Within months of graduating from Stanford in 2002, I returned to help teach an undergraduate nutrition course in the Athletics Department (my lecture was on the molecular aspects of healthy eating).  The next year I was the main instructor for the course and it expanded to include the molecular aspects of exercise (and with the founder of the Stanford Sleep Research Center, Dr. Dement’s help, the impact on health of proper sleep).  A few years later this had expanded into three separate courses: introductory nutrition, sports nutrition, and human movement (theory of exercise).  During this time (still doing my UCSF post-doc), I started teaching “Food Facts, Fads and Pharmacology” in the UCSF School of Medicine, and a few years later in Stanford’s School of Medicine, both courses running for ten years.  The human movement course in Stanford Athletics has lead to my teaching Kinesiology in Stanford’s Department of Human Biology, a tremendously humbling honor for me.  But decade of teaching in Stanford’s Continuing Studies Program, which are my only courses fully open to the public, are the only ones challenging me to design pragmatic homework assignments for my students, meaning advice on how what to do based on the research I am teaching.  These public courses include three on nutrition (facts versus fads, sports nutrition, and weight loss nutrition), exercise and movement (making their benefits more efficient), and most recently on metabolism, bringing together the research on nutrition, movement, stress and sleep as they pertain to cell function.  My metabolism course brings together the global research on what makes our body tick faster, brings pragmatic purpose to my current research at UCSF, brings me full circle to the original course I taught in Athletics (covering nutrition, exercise and sleep), and addresses my health concerns in the Navy.

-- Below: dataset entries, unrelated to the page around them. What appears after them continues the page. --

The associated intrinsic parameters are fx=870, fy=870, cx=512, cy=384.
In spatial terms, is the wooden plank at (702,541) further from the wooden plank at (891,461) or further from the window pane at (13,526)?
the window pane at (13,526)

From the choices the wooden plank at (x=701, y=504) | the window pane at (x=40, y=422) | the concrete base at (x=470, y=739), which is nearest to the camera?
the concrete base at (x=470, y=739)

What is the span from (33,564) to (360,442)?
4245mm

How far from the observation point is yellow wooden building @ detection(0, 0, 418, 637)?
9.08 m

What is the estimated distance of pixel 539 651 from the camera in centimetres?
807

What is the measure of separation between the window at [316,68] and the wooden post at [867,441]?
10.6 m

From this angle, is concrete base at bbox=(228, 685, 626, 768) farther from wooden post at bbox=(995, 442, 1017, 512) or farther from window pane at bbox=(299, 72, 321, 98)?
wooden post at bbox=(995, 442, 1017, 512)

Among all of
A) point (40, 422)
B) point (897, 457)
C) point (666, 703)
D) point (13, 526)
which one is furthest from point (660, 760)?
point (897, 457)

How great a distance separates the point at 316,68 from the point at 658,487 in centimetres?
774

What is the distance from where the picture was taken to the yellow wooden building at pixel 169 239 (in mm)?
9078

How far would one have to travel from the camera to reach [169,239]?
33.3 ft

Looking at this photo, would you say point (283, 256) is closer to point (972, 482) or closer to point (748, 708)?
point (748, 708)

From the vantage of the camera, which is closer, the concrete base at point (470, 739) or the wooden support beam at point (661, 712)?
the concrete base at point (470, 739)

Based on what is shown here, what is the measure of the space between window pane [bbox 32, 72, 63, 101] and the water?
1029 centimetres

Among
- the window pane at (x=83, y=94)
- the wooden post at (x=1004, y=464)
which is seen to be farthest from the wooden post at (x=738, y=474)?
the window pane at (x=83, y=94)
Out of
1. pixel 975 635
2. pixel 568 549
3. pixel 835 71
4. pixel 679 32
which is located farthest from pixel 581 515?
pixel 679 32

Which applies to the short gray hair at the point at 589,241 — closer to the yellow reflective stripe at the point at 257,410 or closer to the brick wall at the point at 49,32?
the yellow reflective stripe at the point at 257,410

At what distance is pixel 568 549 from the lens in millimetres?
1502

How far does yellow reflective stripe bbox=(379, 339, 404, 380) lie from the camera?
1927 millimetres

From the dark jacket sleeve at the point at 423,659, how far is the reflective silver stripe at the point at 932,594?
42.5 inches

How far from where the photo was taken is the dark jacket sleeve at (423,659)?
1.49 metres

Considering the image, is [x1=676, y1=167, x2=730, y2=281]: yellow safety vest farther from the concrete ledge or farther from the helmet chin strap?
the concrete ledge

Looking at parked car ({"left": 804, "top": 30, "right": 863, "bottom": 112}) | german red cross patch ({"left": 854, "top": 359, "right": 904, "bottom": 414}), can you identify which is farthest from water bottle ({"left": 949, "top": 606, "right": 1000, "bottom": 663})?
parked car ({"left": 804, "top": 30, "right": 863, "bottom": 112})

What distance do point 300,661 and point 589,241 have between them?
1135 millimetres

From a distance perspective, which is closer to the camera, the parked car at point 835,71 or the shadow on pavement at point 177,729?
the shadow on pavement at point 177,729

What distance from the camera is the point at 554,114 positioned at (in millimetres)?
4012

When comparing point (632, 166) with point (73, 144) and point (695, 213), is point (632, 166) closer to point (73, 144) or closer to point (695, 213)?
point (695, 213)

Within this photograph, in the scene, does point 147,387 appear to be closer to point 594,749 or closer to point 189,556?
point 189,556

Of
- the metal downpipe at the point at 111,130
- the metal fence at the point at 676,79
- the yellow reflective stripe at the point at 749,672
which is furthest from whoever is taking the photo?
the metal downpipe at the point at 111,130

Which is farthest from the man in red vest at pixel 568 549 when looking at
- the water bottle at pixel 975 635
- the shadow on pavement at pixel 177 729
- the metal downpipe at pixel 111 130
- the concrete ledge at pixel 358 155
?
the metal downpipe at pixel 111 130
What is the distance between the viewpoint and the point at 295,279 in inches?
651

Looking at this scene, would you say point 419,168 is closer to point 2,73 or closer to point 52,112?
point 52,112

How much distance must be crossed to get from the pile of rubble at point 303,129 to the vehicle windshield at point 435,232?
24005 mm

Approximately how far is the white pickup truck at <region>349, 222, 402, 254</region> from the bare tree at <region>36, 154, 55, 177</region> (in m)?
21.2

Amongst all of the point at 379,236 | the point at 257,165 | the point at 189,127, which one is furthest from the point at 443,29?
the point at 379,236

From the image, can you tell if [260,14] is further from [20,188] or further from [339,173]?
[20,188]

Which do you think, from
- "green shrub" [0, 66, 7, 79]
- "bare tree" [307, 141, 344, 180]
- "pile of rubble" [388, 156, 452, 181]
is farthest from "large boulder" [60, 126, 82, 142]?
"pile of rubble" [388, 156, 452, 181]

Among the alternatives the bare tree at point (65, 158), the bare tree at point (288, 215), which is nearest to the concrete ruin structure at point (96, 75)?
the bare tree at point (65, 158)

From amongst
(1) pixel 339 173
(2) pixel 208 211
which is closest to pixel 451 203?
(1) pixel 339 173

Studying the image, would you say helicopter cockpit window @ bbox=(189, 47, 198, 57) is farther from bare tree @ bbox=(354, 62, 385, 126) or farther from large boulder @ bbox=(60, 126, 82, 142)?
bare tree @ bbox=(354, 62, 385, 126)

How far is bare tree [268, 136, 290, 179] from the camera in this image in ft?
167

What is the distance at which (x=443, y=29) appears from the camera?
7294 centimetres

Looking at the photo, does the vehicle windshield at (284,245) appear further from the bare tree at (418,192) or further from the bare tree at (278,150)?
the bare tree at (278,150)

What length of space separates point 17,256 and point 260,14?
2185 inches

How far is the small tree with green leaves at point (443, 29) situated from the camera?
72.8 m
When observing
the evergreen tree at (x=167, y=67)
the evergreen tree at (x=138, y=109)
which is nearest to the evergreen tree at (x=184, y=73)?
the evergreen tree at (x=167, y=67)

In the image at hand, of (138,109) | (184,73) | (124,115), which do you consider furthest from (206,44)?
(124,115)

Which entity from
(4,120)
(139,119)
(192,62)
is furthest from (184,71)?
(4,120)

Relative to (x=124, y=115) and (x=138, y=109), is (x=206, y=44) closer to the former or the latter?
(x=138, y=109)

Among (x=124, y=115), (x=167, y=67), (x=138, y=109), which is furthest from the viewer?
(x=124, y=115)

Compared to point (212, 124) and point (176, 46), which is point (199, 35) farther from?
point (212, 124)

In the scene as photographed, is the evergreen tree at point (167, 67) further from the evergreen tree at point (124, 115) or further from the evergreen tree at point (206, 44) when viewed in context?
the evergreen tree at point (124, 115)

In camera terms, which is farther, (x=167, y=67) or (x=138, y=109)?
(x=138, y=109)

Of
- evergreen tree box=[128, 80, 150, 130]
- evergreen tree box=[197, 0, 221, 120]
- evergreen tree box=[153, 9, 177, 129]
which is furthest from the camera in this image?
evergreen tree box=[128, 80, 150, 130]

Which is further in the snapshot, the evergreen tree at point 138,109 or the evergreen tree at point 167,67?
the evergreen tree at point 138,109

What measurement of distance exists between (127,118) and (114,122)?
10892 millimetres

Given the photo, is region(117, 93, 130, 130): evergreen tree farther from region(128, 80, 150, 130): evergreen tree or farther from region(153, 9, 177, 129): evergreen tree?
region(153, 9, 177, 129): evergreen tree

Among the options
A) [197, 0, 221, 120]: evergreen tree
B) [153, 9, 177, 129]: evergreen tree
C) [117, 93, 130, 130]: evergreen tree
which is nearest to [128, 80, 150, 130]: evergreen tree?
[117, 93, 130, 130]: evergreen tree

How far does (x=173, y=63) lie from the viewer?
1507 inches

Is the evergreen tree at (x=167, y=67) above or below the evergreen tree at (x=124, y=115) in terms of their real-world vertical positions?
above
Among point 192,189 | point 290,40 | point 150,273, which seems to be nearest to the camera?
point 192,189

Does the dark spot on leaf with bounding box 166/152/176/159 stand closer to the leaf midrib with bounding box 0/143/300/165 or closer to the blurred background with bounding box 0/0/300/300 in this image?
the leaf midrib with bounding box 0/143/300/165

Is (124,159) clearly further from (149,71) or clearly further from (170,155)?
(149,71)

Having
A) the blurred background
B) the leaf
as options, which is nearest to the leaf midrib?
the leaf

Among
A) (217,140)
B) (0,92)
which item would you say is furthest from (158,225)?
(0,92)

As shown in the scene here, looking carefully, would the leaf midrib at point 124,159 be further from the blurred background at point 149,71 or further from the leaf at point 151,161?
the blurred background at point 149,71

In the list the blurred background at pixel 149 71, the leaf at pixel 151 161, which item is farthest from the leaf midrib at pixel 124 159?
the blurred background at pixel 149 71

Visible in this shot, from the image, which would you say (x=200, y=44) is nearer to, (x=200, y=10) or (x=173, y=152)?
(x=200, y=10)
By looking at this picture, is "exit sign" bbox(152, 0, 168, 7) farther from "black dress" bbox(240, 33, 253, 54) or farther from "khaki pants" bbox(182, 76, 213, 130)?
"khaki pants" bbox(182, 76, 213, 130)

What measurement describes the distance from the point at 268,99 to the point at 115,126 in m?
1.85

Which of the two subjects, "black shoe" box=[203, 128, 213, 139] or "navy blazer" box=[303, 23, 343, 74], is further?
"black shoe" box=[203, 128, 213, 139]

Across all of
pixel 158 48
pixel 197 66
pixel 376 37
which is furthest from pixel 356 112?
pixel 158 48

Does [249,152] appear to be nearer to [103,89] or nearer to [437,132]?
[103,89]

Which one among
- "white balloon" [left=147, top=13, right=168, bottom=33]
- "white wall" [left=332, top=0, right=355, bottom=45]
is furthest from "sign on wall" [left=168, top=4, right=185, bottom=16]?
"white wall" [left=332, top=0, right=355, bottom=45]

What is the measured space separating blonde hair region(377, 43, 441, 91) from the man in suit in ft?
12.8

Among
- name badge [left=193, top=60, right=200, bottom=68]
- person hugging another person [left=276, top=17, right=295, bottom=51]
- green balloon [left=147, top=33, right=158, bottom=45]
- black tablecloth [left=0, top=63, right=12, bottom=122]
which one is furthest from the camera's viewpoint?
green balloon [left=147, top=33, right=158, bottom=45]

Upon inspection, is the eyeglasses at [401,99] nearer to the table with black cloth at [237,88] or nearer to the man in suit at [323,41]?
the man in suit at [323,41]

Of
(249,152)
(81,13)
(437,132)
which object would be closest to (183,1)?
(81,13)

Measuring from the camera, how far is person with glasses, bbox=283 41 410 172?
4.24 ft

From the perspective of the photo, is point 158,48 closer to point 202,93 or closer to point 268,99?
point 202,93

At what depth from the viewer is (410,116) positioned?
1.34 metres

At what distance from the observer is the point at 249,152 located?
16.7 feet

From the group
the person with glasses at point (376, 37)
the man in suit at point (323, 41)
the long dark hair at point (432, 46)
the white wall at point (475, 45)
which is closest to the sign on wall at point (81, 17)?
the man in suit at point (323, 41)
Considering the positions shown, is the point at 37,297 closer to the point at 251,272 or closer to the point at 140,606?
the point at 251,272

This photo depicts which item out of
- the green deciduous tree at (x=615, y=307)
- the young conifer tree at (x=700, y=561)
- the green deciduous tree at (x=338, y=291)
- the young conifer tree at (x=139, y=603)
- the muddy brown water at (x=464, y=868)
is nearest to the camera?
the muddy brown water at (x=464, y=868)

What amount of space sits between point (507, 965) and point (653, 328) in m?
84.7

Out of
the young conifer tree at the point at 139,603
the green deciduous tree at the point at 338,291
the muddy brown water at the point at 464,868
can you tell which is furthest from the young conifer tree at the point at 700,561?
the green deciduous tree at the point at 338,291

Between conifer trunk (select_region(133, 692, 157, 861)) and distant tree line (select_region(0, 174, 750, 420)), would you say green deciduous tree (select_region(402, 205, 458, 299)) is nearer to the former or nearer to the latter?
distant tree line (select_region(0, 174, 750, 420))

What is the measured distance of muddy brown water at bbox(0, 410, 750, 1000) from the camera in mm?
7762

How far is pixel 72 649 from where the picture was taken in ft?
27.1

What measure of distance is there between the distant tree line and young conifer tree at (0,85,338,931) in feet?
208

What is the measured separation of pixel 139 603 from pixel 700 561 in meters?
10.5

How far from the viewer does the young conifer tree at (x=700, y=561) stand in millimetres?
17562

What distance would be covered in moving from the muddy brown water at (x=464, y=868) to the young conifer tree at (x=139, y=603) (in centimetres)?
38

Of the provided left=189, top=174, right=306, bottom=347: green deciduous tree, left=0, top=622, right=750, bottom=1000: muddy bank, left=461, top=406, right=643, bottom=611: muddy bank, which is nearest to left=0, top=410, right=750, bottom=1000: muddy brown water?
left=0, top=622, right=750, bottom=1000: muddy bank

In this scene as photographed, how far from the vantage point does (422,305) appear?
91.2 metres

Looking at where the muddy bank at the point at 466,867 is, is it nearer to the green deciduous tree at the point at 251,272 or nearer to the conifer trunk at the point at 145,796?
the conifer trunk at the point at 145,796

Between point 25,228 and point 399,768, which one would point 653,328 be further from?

Helping the Public Into the Future

I have been working with individuals, and the public generally, through a nonprofit in Palo Alto (the Sports Medicine Institute) for a dozen years, written two books (self published), and endeavor to provide enough free information through my web site for anyone to benefit at no cost to them.  My goal is not to bring new information to what is already a confusing dialogue on how to get healthy, but instead help bring clarity to that confusion.  Building a model that helps us integrate the opposing viewpoints of how we should eat, exercise, and strike a better stress/sleep balance will help us to understand how those viewpoints are, fundamentally, saying the same thing in spite of superficially looking at odds with each other.  That clarity will enable us to adjust what we do as we go through our lives from day to day to best suit the specific circumstances we are in without losing course towards our health, and more specifically our metabolic, goals.  It all comes down to living our lives the way we want to live them, while moving towards our personal goals using science as a tool for achieving the most efficient path towards those goals.